As product complexity has grown, so has the challenge to manage the data behind it. With thousands of variants, it’s a lot of work to manage the data on a part number by part basis. And if products are configured, the work content may vary by the specific options ordered or the combination of those options.
Poor routing data has been used as a big reason why a company can’t go lean. But it shouldn’t be. In fact, the orientation of lean can provide a lot of relief for poor routing data. Here are some strategies that have worked.
- Use averages except where variation is high
Traditional routings that require you to maintain the data on an item by item basis don’t lend themselves to using averages. But if the difference between items is only a few seconds, it may be perfectly fine to use an average.

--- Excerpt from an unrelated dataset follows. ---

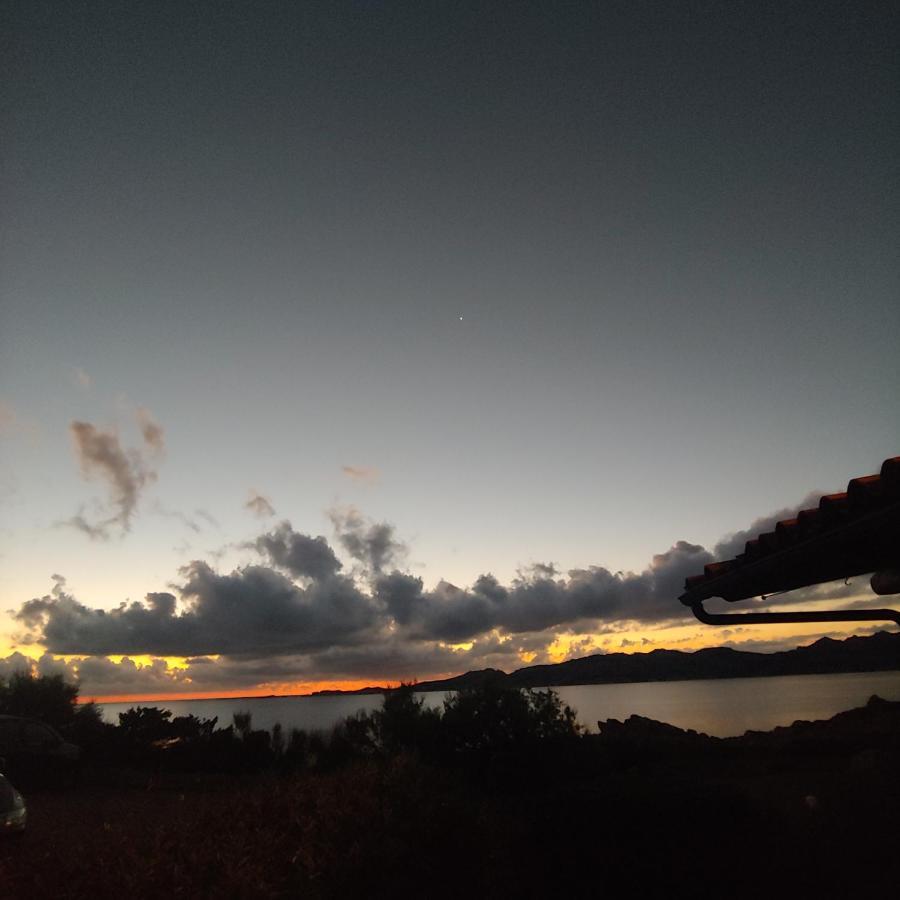 Casa Mughetto R5055 Seafront, Private Sea Access, Swimming Pool Villa La Maddalena  Exterior photo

- Focus only on the bottleneck operations
The capacity at the bottleneck is the limit to your overall capacity. Manage the rest of the processes with averages that are “close enough” but get into the details at the bottleneck where wringing every last drop of performance will have a bottom-line impact.

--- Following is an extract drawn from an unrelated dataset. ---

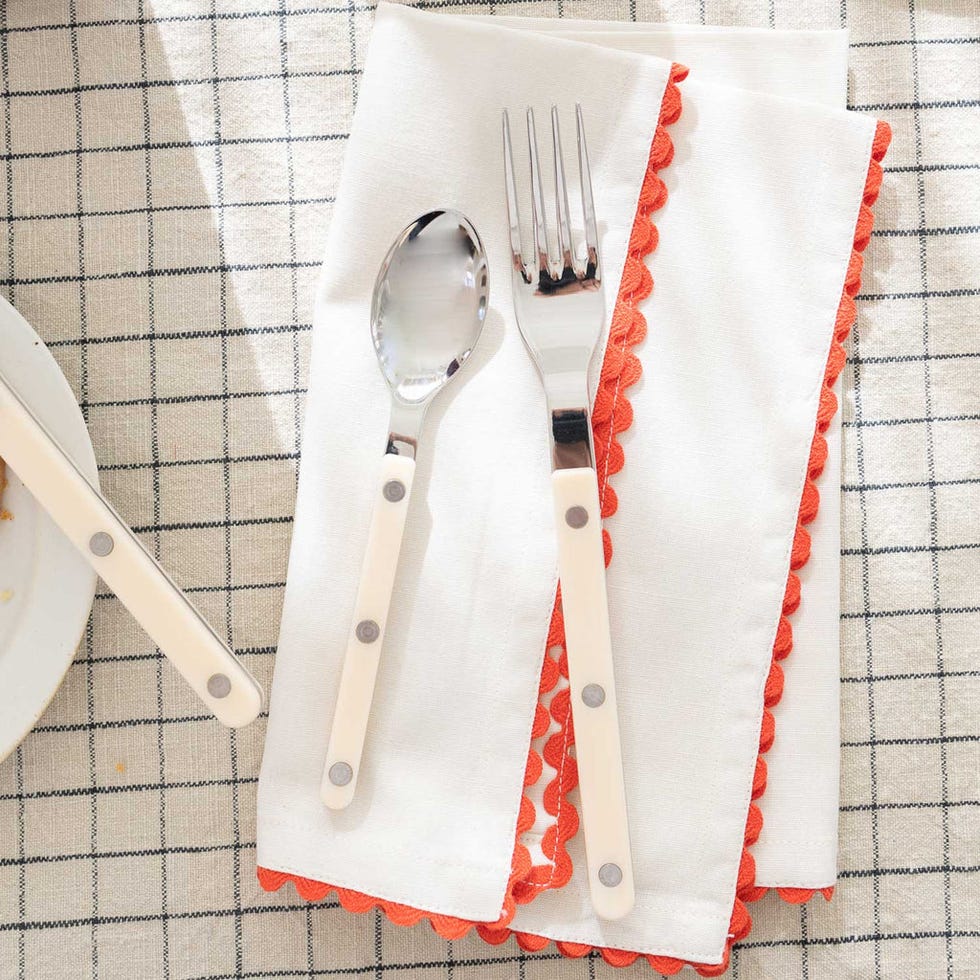 Scallop Trim Napkin Set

- Go to the gemba and ask the operators
Don’t get caught up with industrial engineers with stopwatches to calculate lowest repeatable cycle times. The operators know how long stuff takes to do, so ask them. We were working in a shop with a machining cell where the routings were 10 years out of date. Starting from a quick value stream map, we walked the floor and asked the operators about how long it took, and timed one or two cycles just to confirm. What we got back within 3-4 hours was a reasonable expression of time to build and a bunch of insights into the problems as well.

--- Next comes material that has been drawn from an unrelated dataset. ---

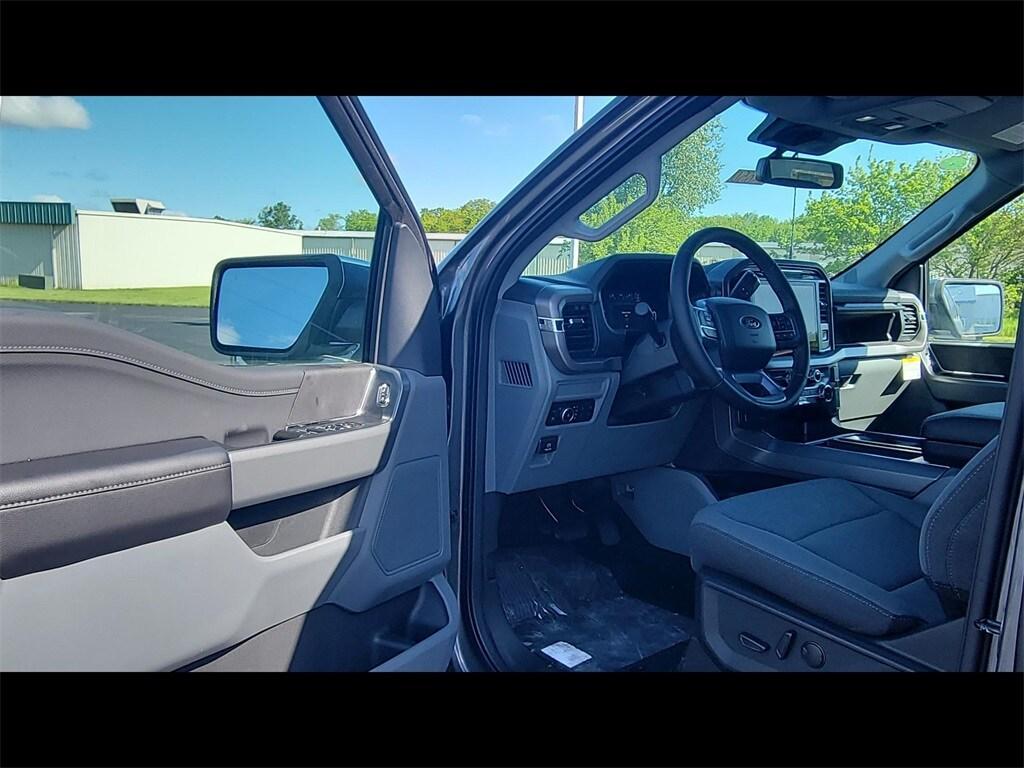 new 2025 Ford F-150 car, priced at $58,266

- Use a simpler lean repository than an ERP
Routing data normally sits in an ERP which forces you to manage part by part instead of with more aggregate techniques. Areteium from MCA Connect is a lean repository that allows you to manage by average, by average with exceptions, by individual item, or even by detail based on specific configuration.
- Start with what you know and refine when you must
Using these strategies, don’t let yourself be hamstrung. Start with what you know, get it quickly into a flexible lean repository, then refine when you must. But get started… lean brings a refreshing bias for action. Don’t let poor data quality stop you, get out there, engage the operators, and use the right tool to produce results quickly that are “close enough.”